CrazyJohn: On Writing III
Stephan King, at one point, talks about a principle he had who confronted him one day about the content of a story he had been selling to kids in his school. She said to him, about the story in question "Why would you want to waste your abilities?" He then said something that astonished me. He said he was ashamed... and feels he spent far too much time feeling ashamed of his writing in his life. I mean, here's Stephan KING talking about being ashamed of his writing. I was FLOORED.
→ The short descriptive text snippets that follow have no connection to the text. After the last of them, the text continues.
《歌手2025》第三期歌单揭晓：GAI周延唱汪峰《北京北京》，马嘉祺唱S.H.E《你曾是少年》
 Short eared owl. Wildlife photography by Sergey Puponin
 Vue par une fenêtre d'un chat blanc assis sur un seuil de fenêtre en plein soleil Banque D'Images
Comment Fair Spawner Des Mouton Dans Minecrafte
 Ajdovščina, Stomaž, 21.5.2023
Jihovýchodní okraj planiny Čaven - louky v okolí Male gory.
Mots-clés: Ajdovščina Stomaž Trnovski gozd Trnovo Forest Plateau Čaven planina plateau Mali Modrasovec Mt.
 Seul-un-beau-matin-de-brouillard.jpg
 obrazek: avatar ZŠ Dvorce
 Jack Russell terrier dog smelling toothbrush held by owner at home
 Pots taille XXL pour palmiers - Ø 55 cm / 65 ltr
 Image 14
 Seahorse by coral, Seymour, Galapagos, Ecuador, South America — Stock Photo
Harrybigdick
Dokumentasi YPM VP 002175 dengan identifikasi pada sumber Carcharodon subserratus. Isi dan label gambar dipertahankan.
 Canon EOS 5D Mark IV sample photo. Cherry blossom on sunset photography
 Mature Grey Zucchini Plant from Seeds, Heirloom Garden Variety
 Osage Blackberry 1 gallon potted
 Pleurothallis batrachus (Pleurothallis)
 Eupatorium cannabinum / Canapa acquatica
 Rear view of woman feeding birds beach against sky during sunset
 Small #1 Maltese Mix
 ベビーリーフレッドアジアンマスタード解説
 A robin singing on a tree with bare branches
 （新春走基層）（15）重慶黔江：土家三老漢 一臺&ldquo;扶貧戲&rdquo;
Then he said something about lots of fiction writers being made to feel ashamed about "wasting their talents." So I thought about it for a second... had anyone ever made me feel ashamed? For the most part, no... I've had a pretty supportive net surrounding me. And then *FLASH* I'm in college in my creative writing class. I've just turned in a story which carried a lot of meaning to me personally about a boy locked in a bathroom who has conversations with his mother and older brother and who eventually breaks the bathroom mirror because he can't stand looking at himself. He hates the reflection. This story was personal. When we talked about it in class, everyone seemed to really enjoy the dialogue... saying it seemed very natural and honest, etc. Then the professor chimed in. The dialogue was trite, he argued, and the characters completely unbelievable. I had based the mother, in particular, on my own mother... even stealing some phrases that she has said or would say. He argued that the mother (in particular) was unreal, uninteresting, a stock/trite character. Instead of sticking up for myself or saying "She's my mother and that's the way she really is"... I sat there and felt ashamed. My dialogue... the golden ticket of my writing... had failed me, and produced something unoriginal and unbelievable (that's unbelievable in a bad way).